Error: Making images too large
Images should not be so big that the ebook takes too long to download, but they should be big enough that a reader can click on the image, enlarge it, and zoom in (on iPad, iPhone, Kindle Fire, and Nook). The hard limit is 2 megapixels (there are one million pixels in a megapixel). To calculate the megapixels of an image, find the image properties and multiply the length and width. 1000 pixels length or width are recommended to see things clearly on larger screens and the iPad 3, which has a retina display. This size is small enough so as not to increase the loading time and ebook size.
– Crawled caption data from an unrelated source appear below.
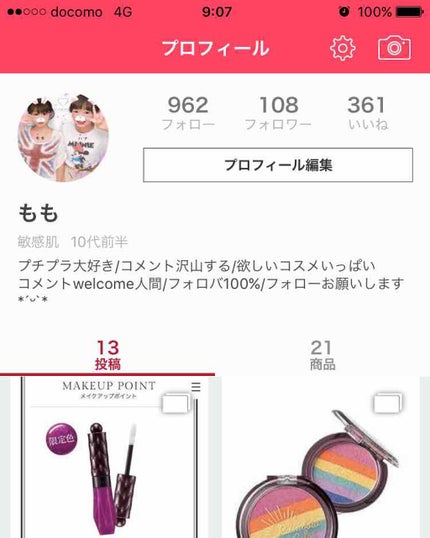 フォロワー100人ありがとうございます/その他を使ったクチコミ(1枚目)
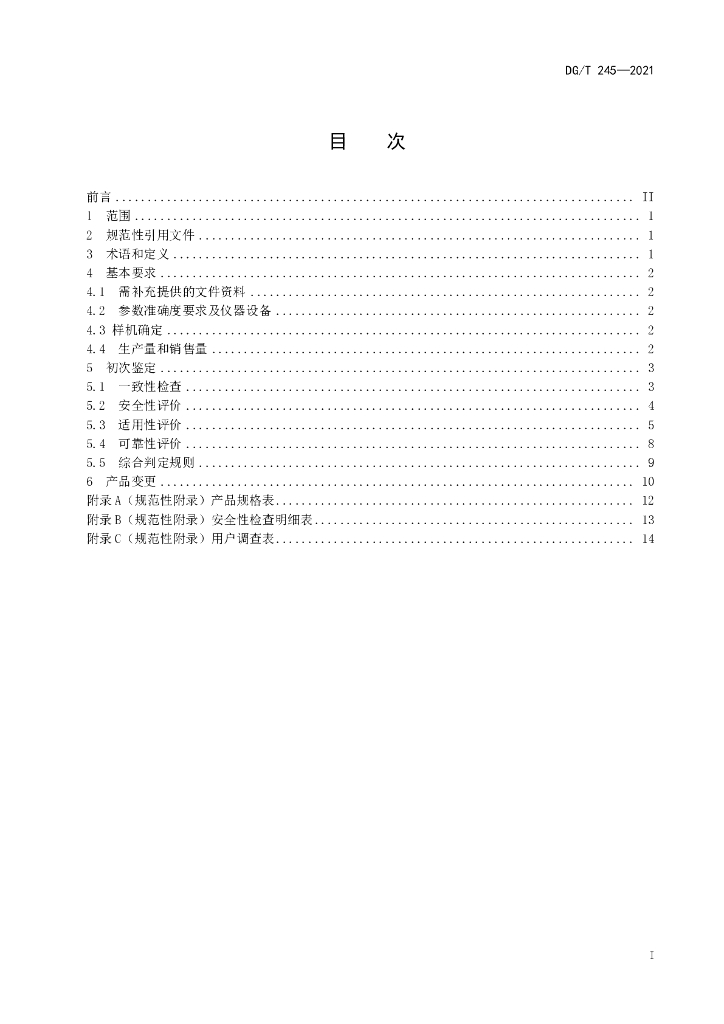 DG/T 245-2021 标准预览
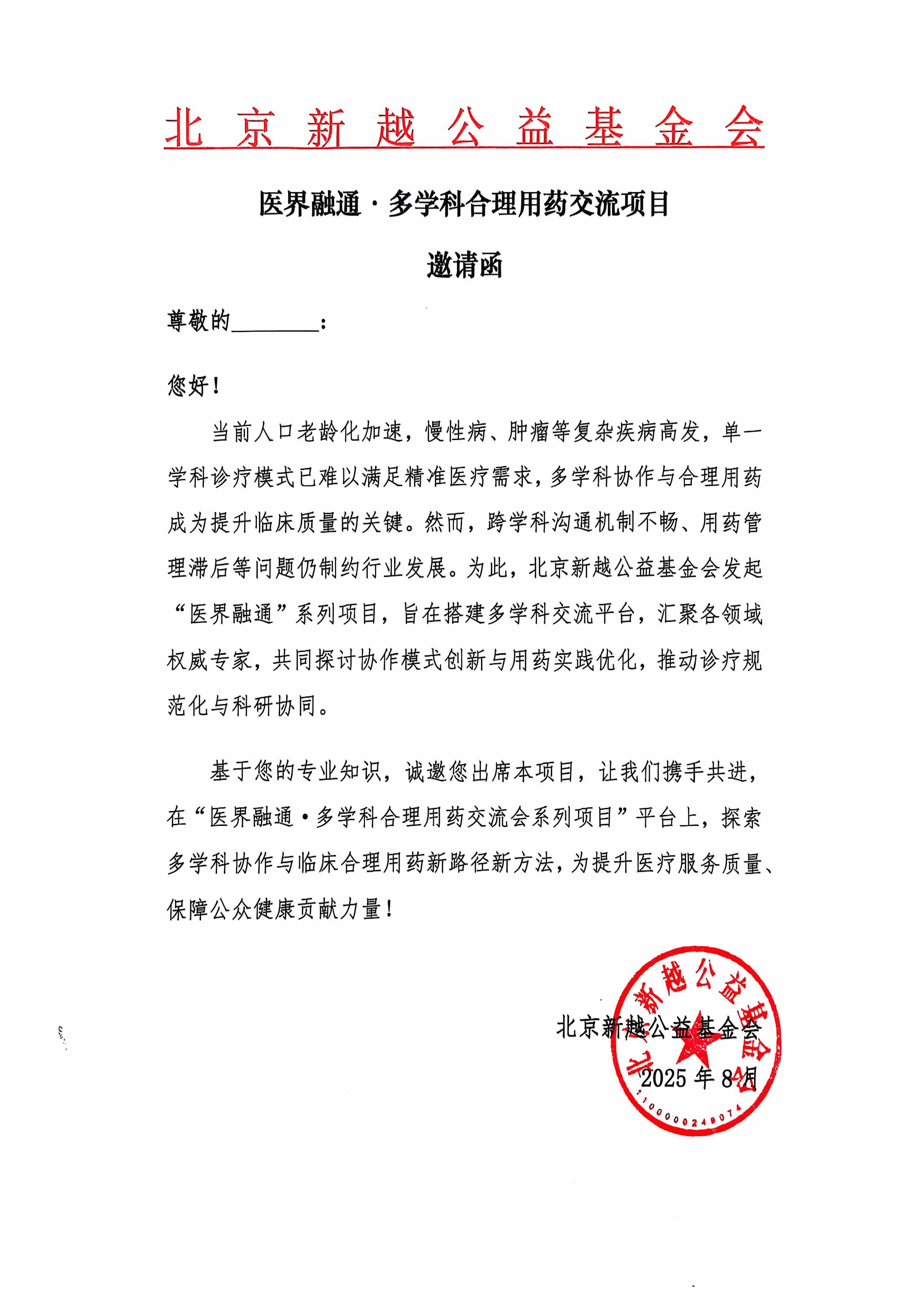盖章扫描-医界融通多学科合理用药交流项目邀请函.jpg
Error: Making the ebook size too large
Not only do large ebook sizes slow the downloading process, some e-retailers have file size limitations. The maximum epub and mobi sizes depend on the relationship an author or ebook distributor has with the retailer. The maximum ebook file sizes are:
- Apple iBookstore—2 GB
- Barnes & Noble PubIt!—20 MB
- Barnes & Noble via distribution service that works with multimedia ebooks—600 MB
- Amazon Kindle Direct Publishing—50 MB
- Amazon via distribution service—650 MB
Error: Copy and pasting URLs to build links
Anchor links—links to other parts within the ebook—are best for footnotes, endnotes, and glossaries. Many authors will start building an ebook with plans to link each section in the Table of Contents to its corresponding text in the body of the ebook. However, eReaders have built-in table of contents that can save authors hours of time building and testing links. Unless you are using an ebook building service or are willing to put a lot of time into building anchor links—a complicated process—do not plan your ebook to rely heavily upon anchor links for a Table of Contents. Some authors choose to forgo the Table of Contents altogether in favor of the eReaders’ built-in systems.
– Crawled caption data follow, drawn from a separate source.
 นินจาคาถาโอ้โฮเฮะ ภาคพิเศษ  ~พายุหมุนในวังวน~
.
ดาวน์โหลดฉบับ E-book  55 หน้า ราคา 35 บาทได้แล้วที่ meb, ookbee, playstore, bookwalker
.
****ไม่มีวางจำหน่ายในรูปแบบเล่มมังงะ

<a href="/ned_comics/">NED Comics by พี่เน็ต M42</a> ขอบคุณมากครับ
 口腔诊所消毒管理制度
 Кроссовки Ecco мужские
Error: Not testing across all devices
If you hired an ebook building service to build your ebook for you, make sure they test epub and mobi files across all devices for the major retailers. Assuming you want to sell on Amazon, Barnes & Noble, and Apple’s iBookstore, test the ebook on a Kindle, Nook, and iPad. If you build the ebook yourself, try your best to test on these three devices. At the very least, test on one, playing with the fonts and text sizes to see how the ebook reflows with each size (see part 2). Make sure that headlines, indents, and other formatting are consistent throughout the ebook. If you have any external or internal links, make sure to test every single one.